Branching laws for tensor modules over classical locally finite Lie algebras

TL;DR

This paper studies how tensor modules over classical infinite-dimensional Lie algebras decompose when restricted to certain subalgebras, providing explicit branching laws for a broad class of embeddings.

Contribution

It introduces the notion of general tensor type embeddings and derives detailed branching laws for tensor modules over classical locally finite Lie algebras.

Findings

Determines socle filtrations of tensor modules under embeddings.

Provides explicit branching laws for all embeddings except gl(infty).

Extends previous classification of embeddings by Dimitrov and Penkov.

Abstract

Let g' and g be isomorphic to any two of the Lie algebras gl(infty), sl(infty), sp(infty), and so(infty).
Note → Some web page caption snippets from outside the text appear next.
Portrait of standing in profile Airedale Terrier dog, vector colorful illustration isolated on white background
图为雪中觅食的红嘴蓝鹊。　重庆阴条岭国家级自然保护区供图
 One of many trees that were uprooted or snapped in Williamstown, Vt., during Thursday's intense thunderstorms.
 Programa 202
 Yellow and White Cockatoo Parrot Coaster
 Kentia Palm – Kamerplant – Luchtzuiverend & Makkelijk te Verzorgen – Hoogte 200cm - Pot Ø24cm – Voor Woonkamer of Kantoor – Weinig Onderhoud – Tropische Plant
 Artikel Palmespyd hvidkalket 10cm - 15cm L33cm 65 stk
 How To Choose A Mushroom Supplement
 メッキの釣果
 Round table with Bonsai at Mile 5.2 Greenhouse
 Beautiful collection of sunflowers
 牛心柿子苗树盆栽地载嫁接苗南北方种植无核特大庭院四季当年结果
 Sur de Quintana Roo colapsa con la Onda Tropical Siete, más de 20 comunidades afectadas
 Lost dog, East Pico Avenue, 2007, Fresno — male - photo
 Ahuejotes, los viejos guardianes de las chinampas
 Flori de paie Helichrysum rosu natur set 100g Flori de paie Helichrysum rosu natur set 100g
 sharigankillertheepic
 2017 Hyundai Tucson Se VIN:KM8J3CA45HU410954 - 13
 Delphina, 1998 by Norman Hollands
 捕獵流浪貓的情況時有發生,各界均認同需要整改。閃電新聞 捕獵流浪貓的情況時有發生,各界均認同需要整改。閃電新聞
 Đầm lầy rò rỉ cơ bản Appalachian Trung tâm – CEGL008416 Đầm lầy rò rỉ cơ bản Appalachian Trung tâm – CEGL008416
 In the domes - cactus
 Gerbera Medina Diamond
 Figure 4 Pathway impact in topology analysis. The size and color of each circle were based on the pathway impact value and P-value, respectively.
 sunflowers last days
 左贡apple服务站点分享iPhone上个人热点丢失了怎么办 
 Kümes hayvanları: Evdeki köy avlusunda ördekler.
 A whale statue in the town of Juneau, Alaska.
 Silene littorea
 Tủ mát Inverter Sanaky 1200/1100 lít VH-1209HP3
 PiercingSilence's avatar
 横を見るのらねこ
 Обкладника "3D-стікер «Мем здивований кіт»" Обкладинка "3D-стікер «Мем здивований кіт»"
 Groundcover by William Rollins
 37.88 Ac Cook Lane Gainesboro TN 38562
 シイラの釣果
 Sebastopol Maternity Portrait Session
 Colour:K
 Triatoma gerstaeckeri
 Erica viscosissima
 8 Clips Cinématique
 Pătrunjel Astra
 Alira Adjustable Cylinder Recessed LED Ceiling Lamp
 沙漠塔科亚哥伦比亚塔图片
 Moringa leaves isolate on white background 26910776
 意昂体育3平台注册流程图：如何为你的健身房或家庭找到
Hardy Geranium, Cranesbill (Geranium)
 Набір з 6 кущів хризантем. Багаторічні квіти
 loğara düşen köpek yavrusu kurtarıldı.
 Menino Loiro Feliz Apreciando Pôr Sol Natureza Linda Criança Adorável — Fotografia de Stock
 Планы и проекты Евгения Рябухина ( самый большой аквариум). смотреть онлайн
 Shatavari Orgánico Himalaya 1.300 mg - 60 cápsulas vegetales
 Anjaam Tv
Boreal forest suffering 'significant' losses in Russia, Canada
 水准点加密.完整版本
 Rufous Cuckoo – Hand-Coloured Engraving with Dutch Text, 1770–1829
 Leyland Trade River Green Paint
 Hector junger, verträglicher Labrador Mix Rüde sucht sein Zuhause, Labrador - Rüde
Let M be a simple tensor g-module. We introduce the notion of an embedding of g' into g of general tensor type and derive branching laws for triples g', g, and M, where the embedding of g' into g is of general tensor type. More precisely, since M is in general not semisimple as a g'-module, we determine the socle filtration of M over g'. Due to the description of embeddings of classical locally finite Lie algebras given by Dimitrov and Penkov, our results hold for all possible embeddings of g' into g unless g' is isomorphic to gl(infty).